WLOG the crossing starts clockwise and then multiply by two. Define a returning island as an island $ i$ such we go from island $ i$ to island $ i + 1$ and returning back to island $ i$. (Same with $ n$ to $ 1$ and back to $ n$). Case 1: Path with no returning island, $ 123 \cdots n123\dots n1$ there $ 2n$ steps to take with two options on each case then $ 2^{n}$ crossings Case 2: Path with one returning island $ i$, $ 12 \cdots i \cdots 21 n(n - 1) \cdots (i + 1)i(i + 1) \cdots (n - 1)n1$ then $ 2^{n} \times n$ crossings. Case 3: Path with $ 2$ or more returning islands, no possibilities. To sum up total crossings $ = 2 \times (2^{n} + 2^{n} \times n) = (n + 1) 2^{n + 1}$ Edited with correction...from next post.

I think there is a mistake in your solution... Where it is $ 2n$ it should be $ n$... For example, in case 1, on the route $ X_1 - X_2 - \cdots - X_n - X_1$, there are $ 2^n$ possibilities, because from one island to another there are always two options. But when we do the same route again, from one island to another, we can't pass through one of the bridges, because we have already passed through it, so there is only one possibility... In case 2 you have the same mistake. Regardless of that, my solution is similar to yours...

But... I have a question, can you return?, I say if it is possible that you can go from X_1 to X_2, and then return from X_2 to X_1? I am waiting for an answer.

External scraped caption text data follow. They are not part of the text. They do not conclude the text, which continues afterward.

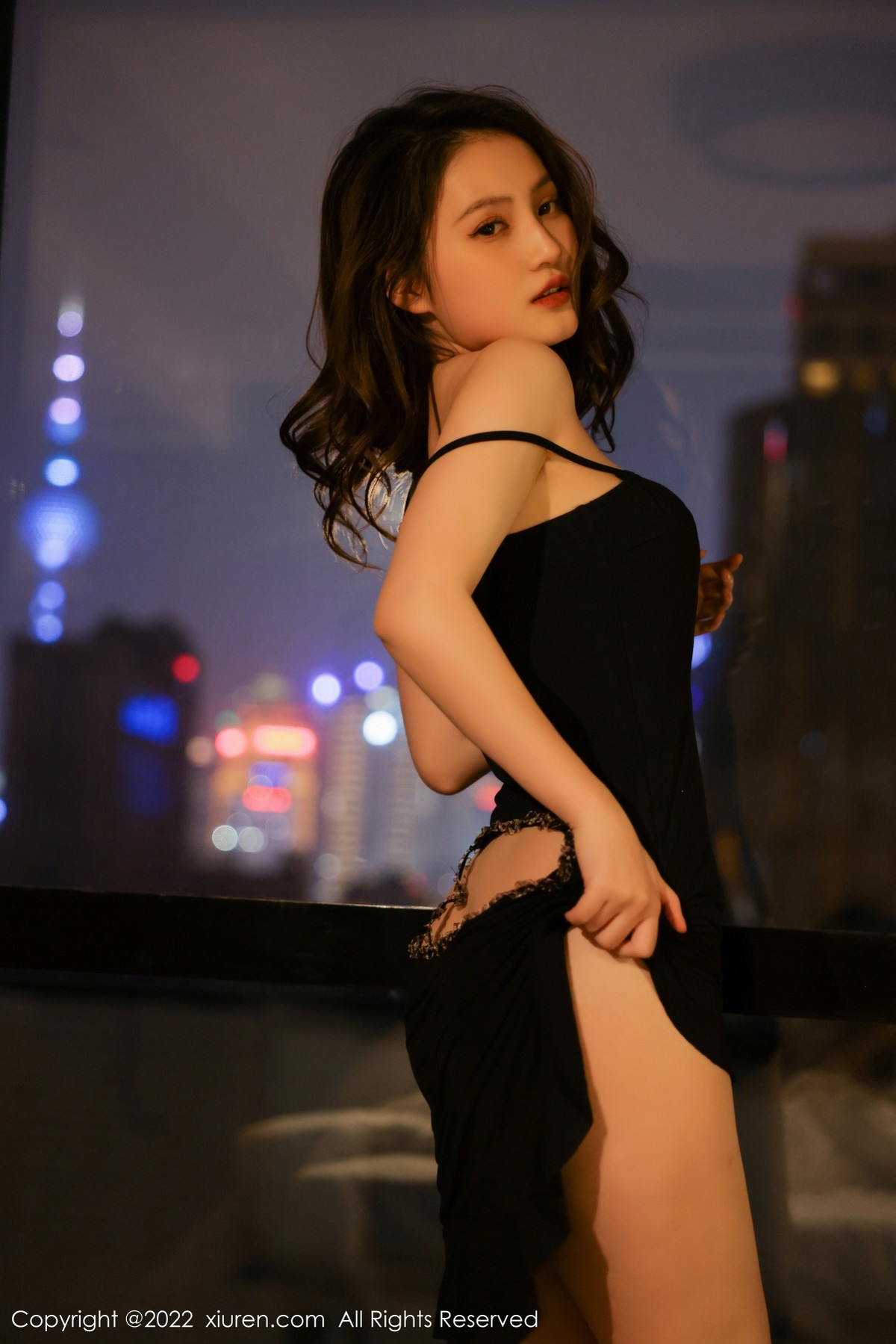xgyw.top_XiuRen第4618期_模特你的兔妹妹性感黑色连衣裙秀完美身材浑圆翘臀诱惑写真60P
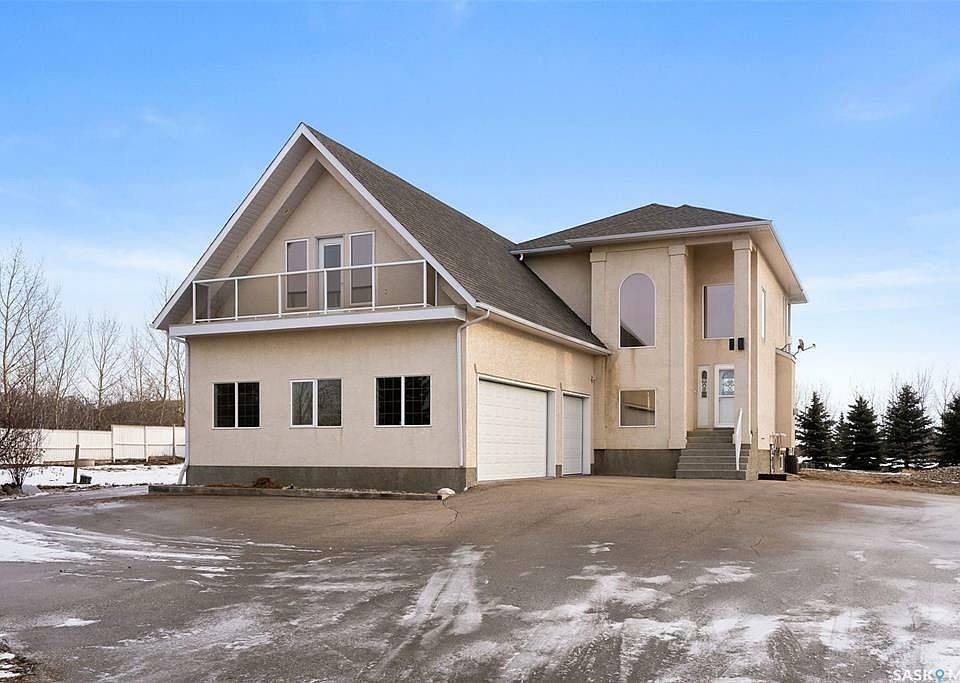 1st image of 8 Bardel Cres #158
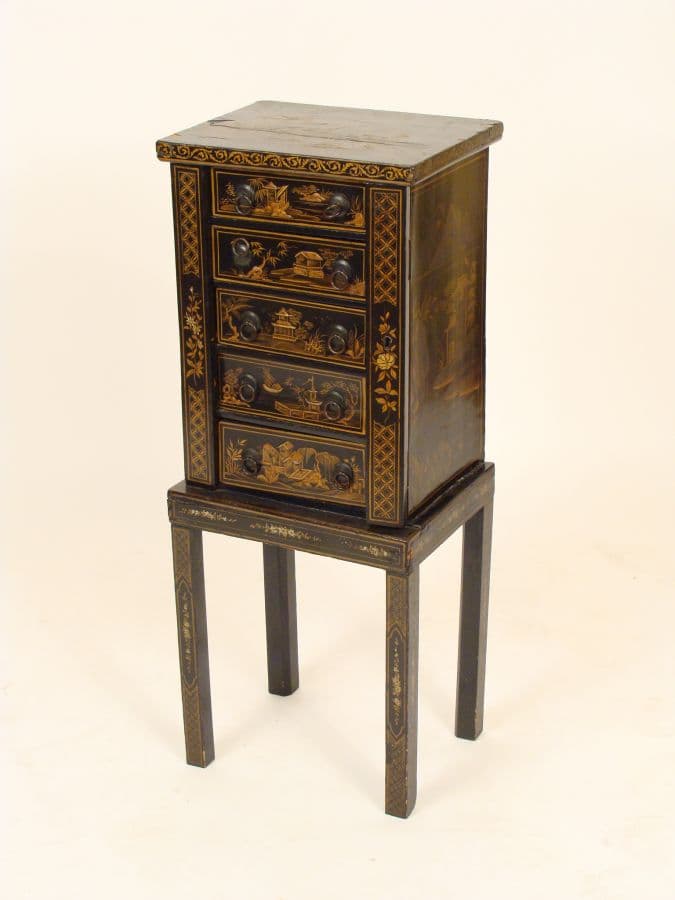 Chinoiserie decorated occasional table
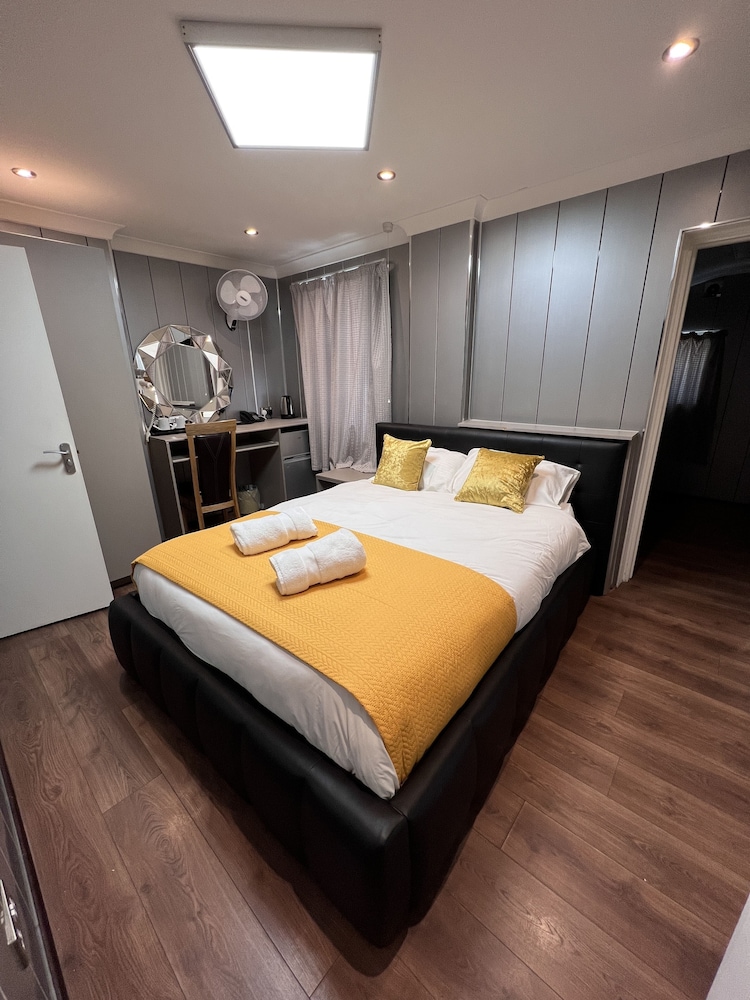 The Commongate Hotel 4/48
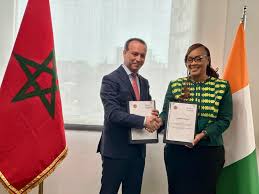 المغرب وجمهورية كوت ديفوار يوقعان مذكرة تفاهم في مجال مكافحة الاتجار بالبشر والوقاية منه.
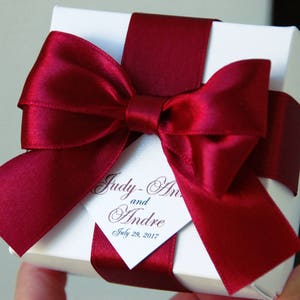 Wedding favor boxes personalized with Burgundy satin ribbon, bow and your names, Elegant Personalized Wedding Favor Box for guests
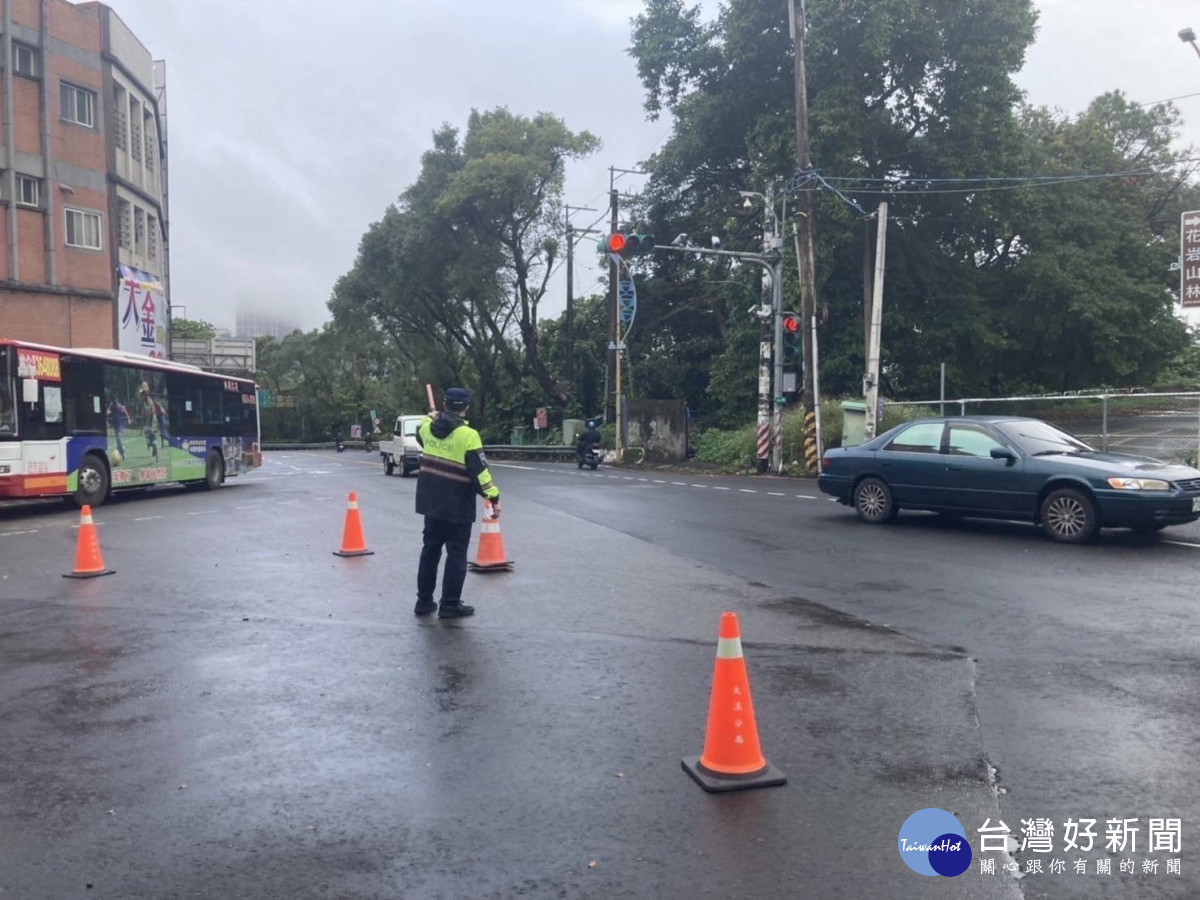 桃園市政府警察局業規劃加強交通疏導計畫並針對「酒後駕車、超速、闖紅燈」加強執法。<br /><br /> <br /><br />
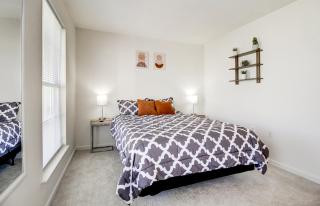 Spacious Washington, D.C. Rowhome w/ free parking! - Washington - 2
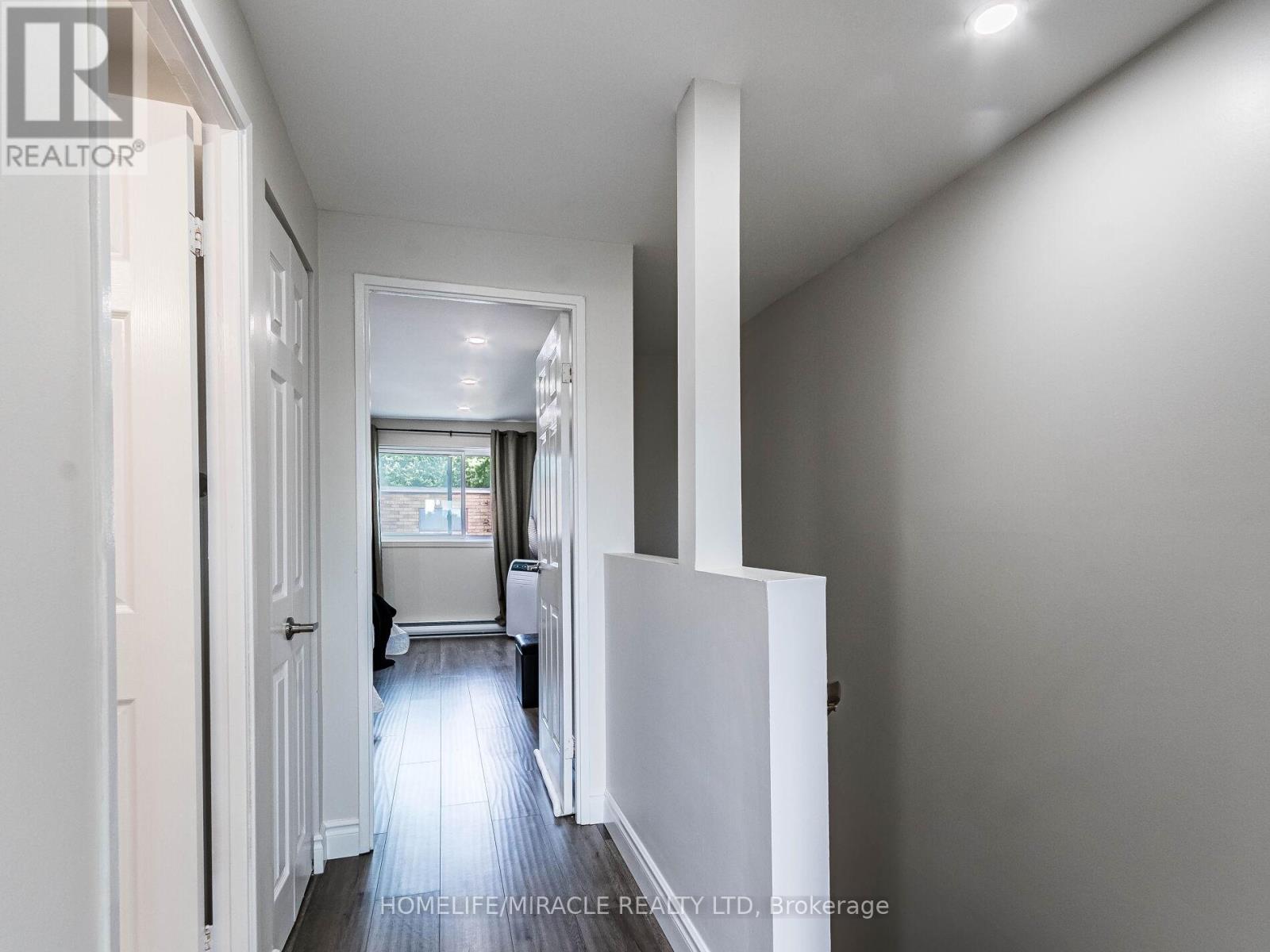 124 - 180 Mississauga Valley Boulevard, Mississauga, ON - Indoor Photo Showing Other Room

First of all, where it is written $ n\ge2$ it should be written $ n>2$. In Portuguese it's that. Anyway, it doesn't matter. Now answering to the question... Yes, it is. But you can only return once because otherwise you won't be able to do the entire route as you want. I think it's easy to see that...

Own correction: when you return once you return twice, even though the returning island is the same, as shown by mszew.

I claim that there are $\boxed{n \cdot 2^{n + 1}}$ total sequences. Let $a_n$ be the number of distinct bridge sequences. Then we prove the following by induction: Claim: $a_n = n \cdot 2^{n + 1}$, for $n \geq 3$. Proof: The base case for $n = 3$ is trivial. Assume the statement is true for all $k \leq n$, and now we prove for the $(n + 1)$-st case: Consider player $X_{n + 1}$, and observe that for every path consisting of $n$ people, we must pass through $X_{n + 1}$ and further every path through $X_{n + 1}$ has an additional two bridge options. (Also observe that the symmetry in whichever way we began with - clockwise or counterclockwise - is accounted for, as in this case every path is dependent on the paths from $a_n$). Now we have yet to count the fully clockwise and fully counterclockwise paths with $X_{n + 1}$ as an island, and so accounting for these final paths, one obtains; \[a_{n + 1} = 2a_n + 2(2^{n + 1}) = 2a_n + 2^{n + 2} = (n + 1) \cdot 2^{n + 2}, \]as claimed. $\blacksquare$